Rather, the system would favour simplifying the tasks to "monkey see, monkey do" and making the sollution fit the available levels of skill and intellect.
This means that real repairs do not take place in dealer service centres. No-one their has the skill to service brake cylinders or fit new seals. No, the solution is to tech them to follow certain simple rules and then just replace components. Even so, as i have found, the level of skills generally available is declining and making even this path more difficult.

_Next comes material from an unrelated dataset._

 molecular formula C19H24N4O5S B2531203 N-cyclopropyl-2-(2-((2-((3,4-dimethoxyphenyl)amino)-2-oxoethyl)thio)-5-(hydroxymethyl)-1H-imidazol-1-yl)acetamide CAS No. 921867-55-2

Cars are more foolproof and relaible and great er use is made of diagnostics and routine. Complex jobs are sub-contraacted out. If the engine fails, replace it or fit a short block. If the gear box fails, replace it.
How many service centres can afford to maintain staff skills to do more than routine replacement.
If you want more than this you have to find a specialist company. Specilialists cost money.
If this is to be the staus quo, then we should feel safe that within these terms, that we can consign our vehicles to these people and, more importantly, to this methodolgy.
It may mean that car design and maintenance is increasingly driven not so much by reducing service costs or greater durability but because of the limitation and availability of the skills necessary to maintain them.
This means that we will see more and more "sealed for life" components and that many other repairable or servicable components are considered in the equation as through-aways when they go wrong.
But which costs more? throughing away a perfectly good component as part of a routine that stops replacing components when the problem dissappears or having a level of skills universally available that can diagnose the problem accurately and repair rather than replace?
But, i have to agree with Lorentx that this is a safety issue. I would question whether we should expect more or less from the service networks. I don't question that if this is how it has to be done, then at least lets have it done to a satisfactory standard. Too many very simple tasks being failed suggests either that there is a lack of control over training and qualifications even thought the market is capable of supplying sufficient candidates for the jobs or that even at this level there is a lack of the necessary skills to sustain even this method.
In the UK, they are now introducing "shop" training in some schools. Something that has been a feature of US schools for decades. In the UK, to learn about being a mechanic you go to college or you learn on the job. In the US, autoshop, paint shop, etc are available options within the schools system. So maybe this is a problem with available skills in some countroes not suiting a global approach by an auto-manufacturer.